Calculate angle AEC and ADC

[chwala]

Homework Statement

See attached

Relevant Equations

Deductive Geometry- Alternate segment theorem

Question;

Text Solution;

My reasoning;
$∠ABC= 180^0 -(32^0+60^0)$
=$88^0$

$∠ABC=∠ACF=88^0$ (Alternate segment theorem).

$∠EBC=92^0$ i.e angles lying on a straight line and $∠BCE=180^0 -(88^0+60^0)=32^0$ therefore;
$∠BEC=180^0 -(32^0+92^0)=56^0$
$∠ECA=∠ADC=32^0+60^0=92^0$ (by Alternate segment theorem).

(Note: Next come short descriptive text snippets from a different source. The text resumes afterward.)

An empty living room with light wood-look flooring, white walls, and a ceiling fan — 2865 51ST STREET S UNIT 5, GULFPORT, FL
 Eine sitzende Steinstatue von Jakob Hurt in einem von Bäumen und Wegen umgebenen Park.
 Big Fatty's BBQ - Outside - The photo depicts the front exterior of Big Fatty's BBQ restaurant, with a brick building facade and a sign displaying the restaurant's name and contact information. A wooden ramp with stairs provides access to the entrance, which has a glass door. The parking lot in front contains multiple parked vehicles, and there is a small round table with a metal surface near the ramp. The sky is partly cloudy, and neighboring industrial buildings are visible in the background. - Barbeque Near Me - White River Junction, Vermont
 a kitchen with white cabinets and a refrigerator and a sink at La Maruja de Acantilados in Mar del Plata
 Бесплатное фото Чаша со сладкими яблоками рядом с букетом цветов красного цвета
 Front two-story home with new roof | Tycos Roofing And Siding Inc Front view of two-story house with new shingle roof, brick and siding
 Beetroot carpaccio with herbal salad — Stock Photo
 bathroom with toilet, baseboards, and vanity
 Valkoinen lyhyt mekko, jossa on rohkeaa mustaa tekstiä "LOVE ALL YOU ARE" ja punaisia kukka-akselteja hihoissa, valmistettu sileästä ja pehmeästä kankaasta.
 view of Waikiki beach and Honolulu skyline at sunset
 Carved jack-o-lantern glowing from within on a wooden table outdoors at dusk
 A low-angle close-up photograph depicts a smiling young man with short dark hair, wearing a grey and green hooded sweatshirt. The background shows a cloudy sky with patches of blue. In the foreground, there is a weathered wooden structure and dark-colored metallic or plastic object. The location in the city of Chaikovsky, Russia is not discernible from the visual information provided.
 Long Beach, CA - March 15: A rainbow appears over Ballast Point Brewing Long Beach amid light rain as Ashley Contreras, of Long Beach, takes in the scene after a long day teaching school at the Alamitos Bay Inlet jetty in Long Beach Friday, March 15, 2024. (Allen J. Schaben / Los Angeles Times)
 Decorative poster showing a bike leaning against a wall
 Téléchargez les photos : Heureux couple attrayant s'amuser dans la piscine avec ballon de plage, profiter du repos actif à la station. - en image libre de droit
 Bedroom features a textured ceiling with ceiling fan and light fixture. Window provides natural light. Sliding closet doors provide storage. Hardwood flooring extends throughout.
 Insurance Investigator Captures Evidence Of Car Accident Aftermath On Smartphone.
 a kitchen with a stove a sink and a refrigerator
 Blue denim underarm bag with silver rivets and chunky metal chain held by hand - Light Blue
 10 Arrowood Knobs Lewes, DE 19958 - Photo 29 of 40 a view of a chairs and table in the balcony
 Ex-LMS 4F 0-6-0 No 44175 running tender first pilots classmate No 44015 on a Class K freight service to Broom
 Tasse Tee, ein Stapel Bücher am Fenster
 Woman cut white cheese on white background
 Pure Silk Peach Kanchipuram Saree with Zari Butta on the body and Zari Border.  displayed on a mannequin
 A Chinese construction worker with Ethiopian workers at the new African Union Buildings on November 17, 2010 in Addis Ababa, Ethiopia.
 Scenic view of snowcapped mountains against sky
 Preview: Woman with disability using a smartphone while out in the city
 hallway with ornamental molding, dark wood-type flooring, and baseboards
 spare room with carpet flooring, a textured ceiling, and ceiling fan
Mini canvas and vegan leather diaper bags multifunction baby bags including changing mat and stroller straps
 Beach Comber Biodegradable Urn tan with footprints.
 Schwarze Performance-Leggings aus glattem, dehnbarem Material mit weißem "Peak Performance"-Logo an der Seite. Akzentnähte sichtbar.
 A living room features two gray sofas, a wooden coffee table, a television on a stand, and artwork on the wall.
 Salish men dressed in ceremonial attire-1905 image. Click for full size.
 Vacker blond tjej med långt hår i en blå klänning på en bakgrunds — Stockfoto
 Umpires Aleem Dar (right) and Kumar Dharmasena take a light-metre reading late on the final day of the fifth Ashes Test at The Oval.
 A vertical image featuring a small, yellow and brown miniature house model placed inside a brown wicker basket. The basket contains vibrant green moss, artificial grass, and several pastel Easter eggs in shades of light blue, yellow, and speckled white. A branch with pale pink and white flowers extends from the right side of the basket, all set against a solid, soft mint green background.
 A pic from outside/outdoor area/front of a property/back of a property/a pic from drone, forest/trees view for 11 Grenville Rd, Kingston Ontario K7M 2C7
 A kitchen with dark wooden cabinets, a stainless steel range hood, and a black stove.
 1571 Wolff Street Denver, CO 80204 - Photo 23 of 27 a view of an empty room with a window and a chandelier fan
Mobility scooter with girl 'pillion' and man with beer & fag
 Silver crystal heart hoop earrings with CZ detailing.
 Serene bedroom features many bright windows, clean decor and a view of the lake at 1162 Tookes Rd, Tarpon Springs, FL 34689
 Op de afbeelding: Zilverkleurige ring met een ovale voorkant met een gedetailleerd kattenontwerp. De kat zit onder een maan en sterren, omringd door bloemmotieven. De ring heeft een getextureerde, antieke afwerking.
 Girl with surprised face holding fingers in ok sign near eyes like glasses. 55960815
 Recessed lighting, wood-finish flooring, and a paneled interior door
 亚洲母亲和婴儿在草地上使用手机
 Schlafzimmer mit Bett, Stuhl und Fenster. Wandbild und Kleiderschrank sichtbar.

Cheers...there may be another way of looking at this...

 

[Lnewqban]

Regarding $∠EBC=92^0$:
Doesn't the problem figure contradicts the fact that an angle inscribed across a circle's diameter is always a right angle?

 

[chwala]

Regarding $∠EBC=92^0$:
Doesn't the problem figure contradicts the fact that an angle inscribed across a circle's diameter is always a right angle?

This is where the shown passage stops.